Through the Forward Initiative, we are launching a new program called Chicago Computes, and the goal of that program is to democratize access to some 3,000 faculty members in the research community to expertise and resources ranging from computing, to data storage and data sharing.

Himanshu Sharma  |  Associate CIO, Research & Innovation
Himanshu Sharma at EDUCAUSE

A.M.: How do you keep your team and the university’s research community up-to-date with the latest trends and emerging technologies?

H.S.: We are part of many of the regional and national communities, and we attend conferences where we get to meet our academic peers at other institutions, federal policy makers, and program officers.

A.M.: How do you collaborate with faculty, researchers, and students to identify their technology needs and align them with the university’s research goals?

H.S.: A lot of this involves connecting with community members at many different forums. At this point I am the chair of UICs  leadership council research committee, and I tend to hear many different perspectives and needs from diverse faculty across UIC colleges and that has been a key source for us to understand what’s happening around the campus and how we can better align to campus needs. In addition we host training programs and office hours where we get to hear from research staff and get to understand the challenges they face at the ground level.

A.M.: With the rise of AI and machine learning, how are you integrating these technologies into research processes, and what opportunities do you see for their application in the future?

H.S.: I was invited to give a brief talk by Dell at the 2023 EDUCAUSE Conference where the topic was the AI Revolution in Higher Ed, and the central theme of the talk was that no one saw the massive rise in popularity of ChatGPT and related technology coming, and this has taken all  industries by surprise… no software tech company has seen this incredible higher level of early adoption as these technologies and now all industries are trying to play catch up.

Higher ed is no exception.
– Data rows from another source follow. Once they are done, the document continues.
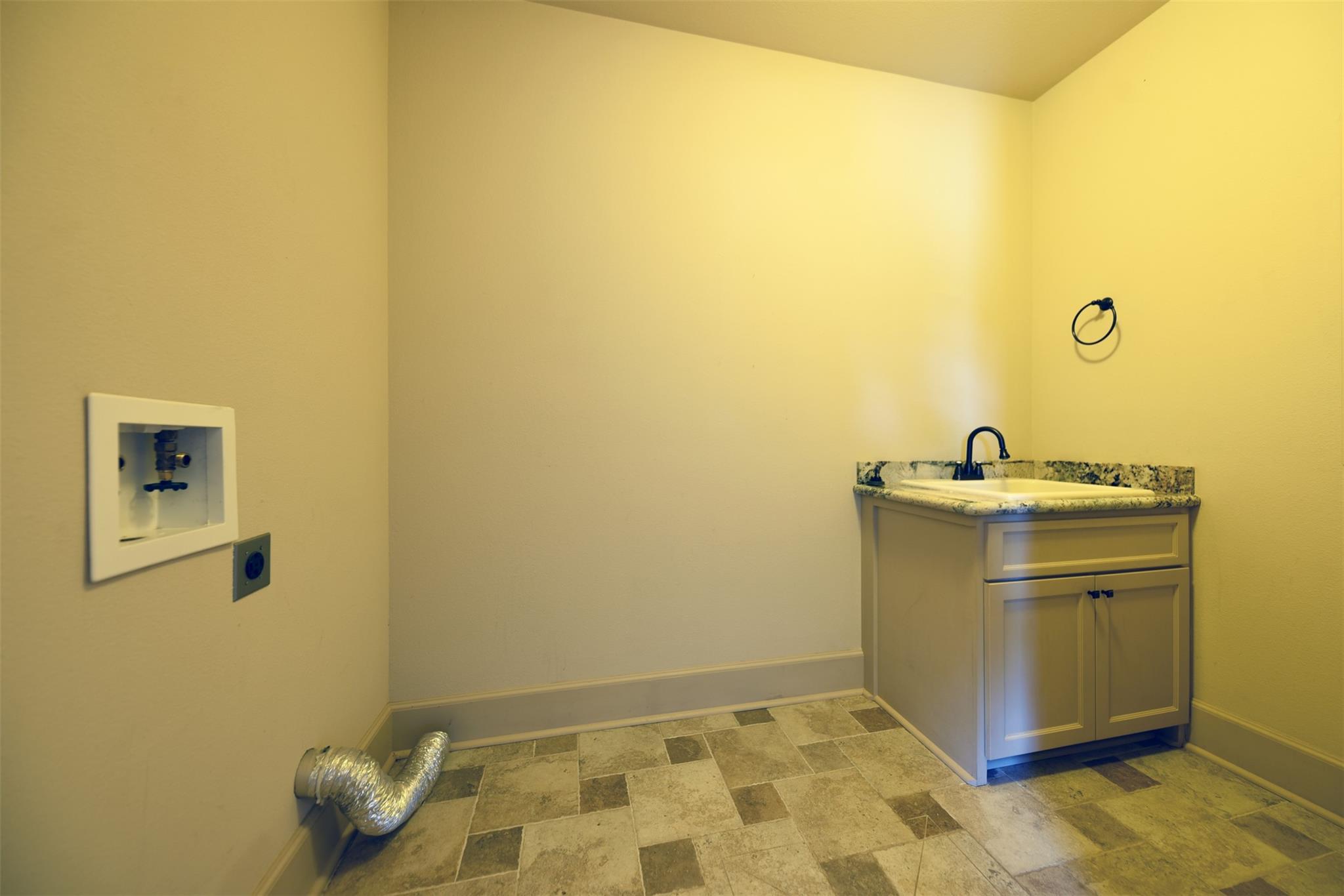 7157 FM 1697, Carmine, TX 78932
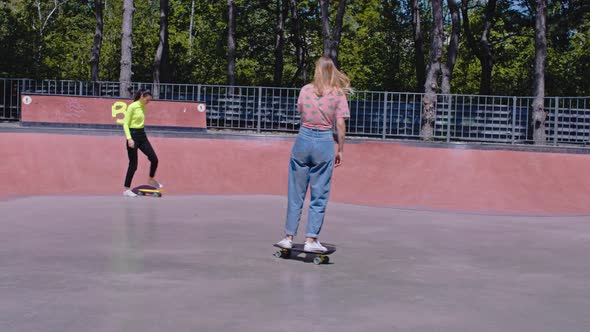 Beautiful Ladies Stylish Outfits Have a Ride on alt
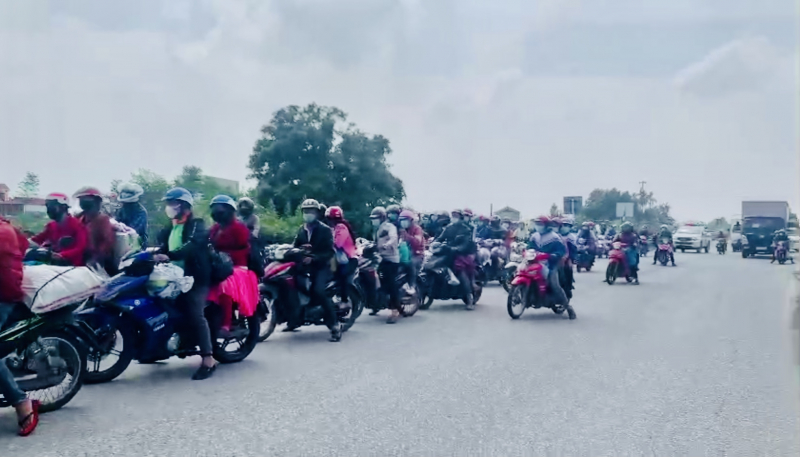 Cảnh sát giao thông Hà Nội hỗ trợ người dân đi xe máy từ phía Nam về quê phía Bắc -0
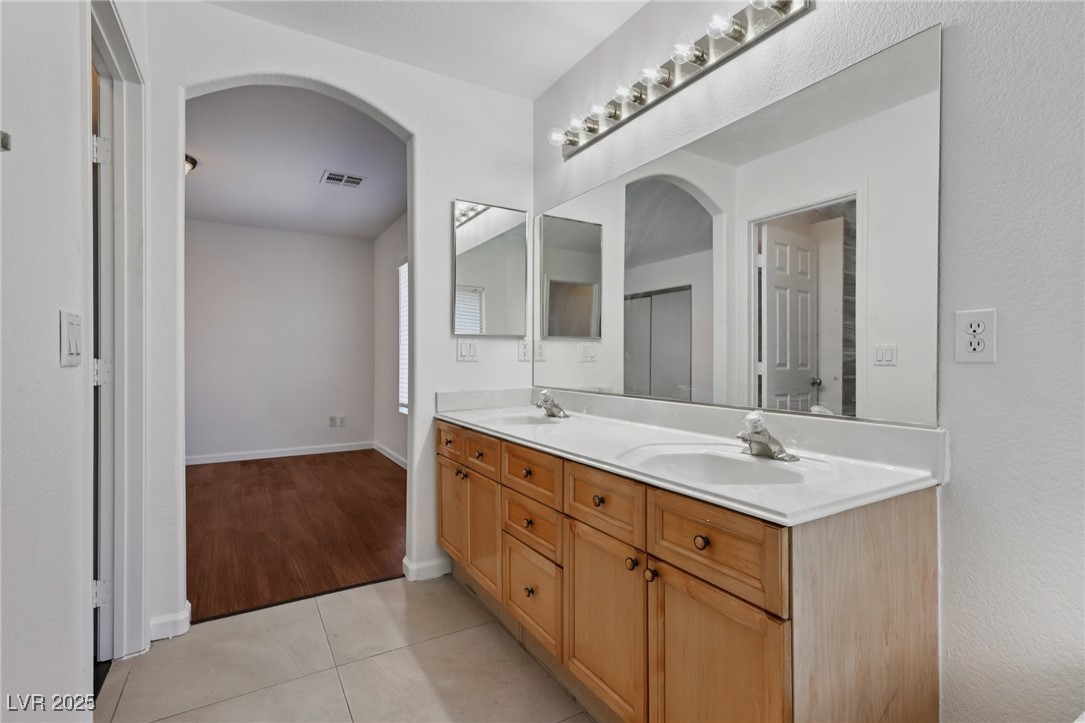 575 Aspen Leaf Street Property Photo 34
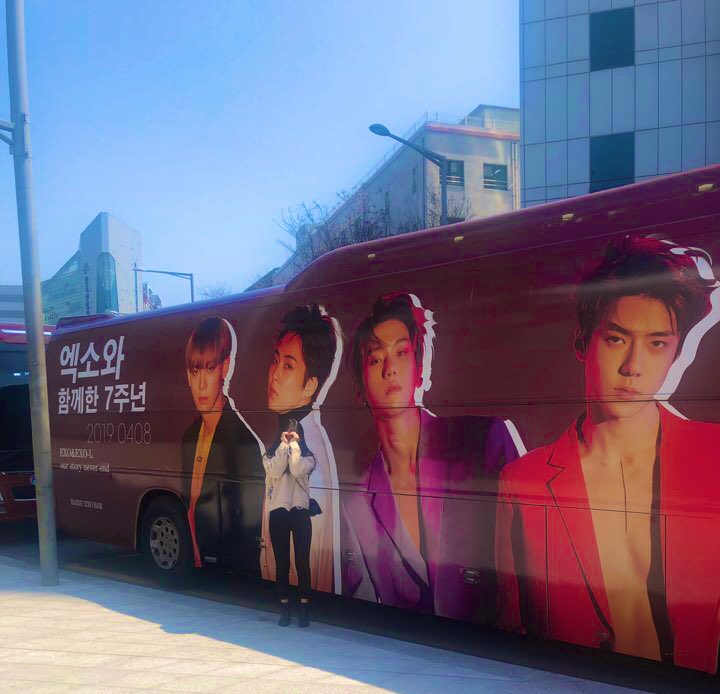 OnevelyJi's tweet photo. 바이두 엑소바 7주년버스봤당ㅎㅎ 기사아저씨가 사진찍으면 천원내야한다구 농담도 하심ㅋㅋㅋㅋㅋㅋㅋ @baiduEXObarCN https://t.co/vaLPVjivNU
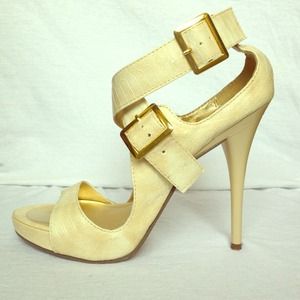 Michael Antonio open toe cream and gold stiletto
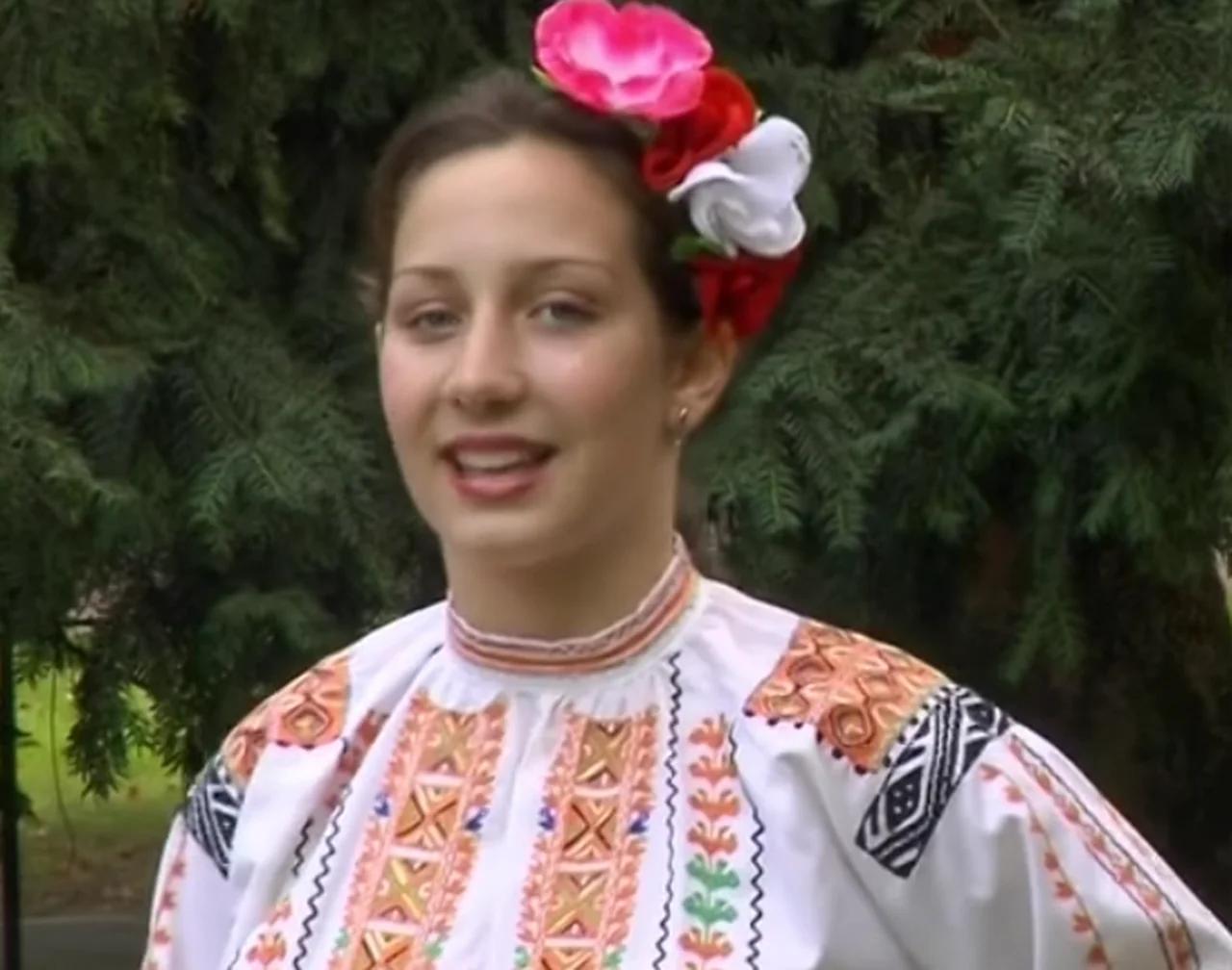 Izgryala e mesechinka nikoleta koleva bulgaria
We see this both as as a challenge because some of the historical problems around lack of clarity of data ownership, lack of infrastructure on campus, lack of expertise still have not been fully solved, and now we have something that requires some of these problems to be addressed before we can start to see the true potential of these technologies realized on campus and that’s where the opportunity lies too.

We are not alone in this…our government is playing catch up, many of our industries and higher ed institutions are playing catchup… and that’s how a cohesive voice and providing guidance is going to make the biggest possible impact.

person using a laptop

A.M.: What does a typical day in the life of a UIC Associate Chief Information Officer for Research Technologies & Innovation look like?

H.S.: Each day of the week for me looks different and I try to do that intentionally. I have reserved one day of the week solely to connect with my team on an individual basis to make sure that I support them with whatever challenges they may be experiencing and I try not to skip on those one-on-ones because that is where I get to experience the full version of my team members and that is the time I take to have a good relationship with my team.

Another day of the week I try to be more externally focused and try to talk to my colleagues across the U.S. to know the evolving landscape of research and technology. UIC is growing when it comes to research activity. This requires people in a position like ours to be on the lookout and see what’s on the horizon and that takes investing in time with external stakeholders.

For the remaining three days I focus on project-specific work, attending campus level meetings, making sure that we are communicating what goes on in our group and how that impacts campus community… and listening feedback from the community and our stakeholders and keeping them up to speed with our efforts. And that’s what a typical week in my life looks like.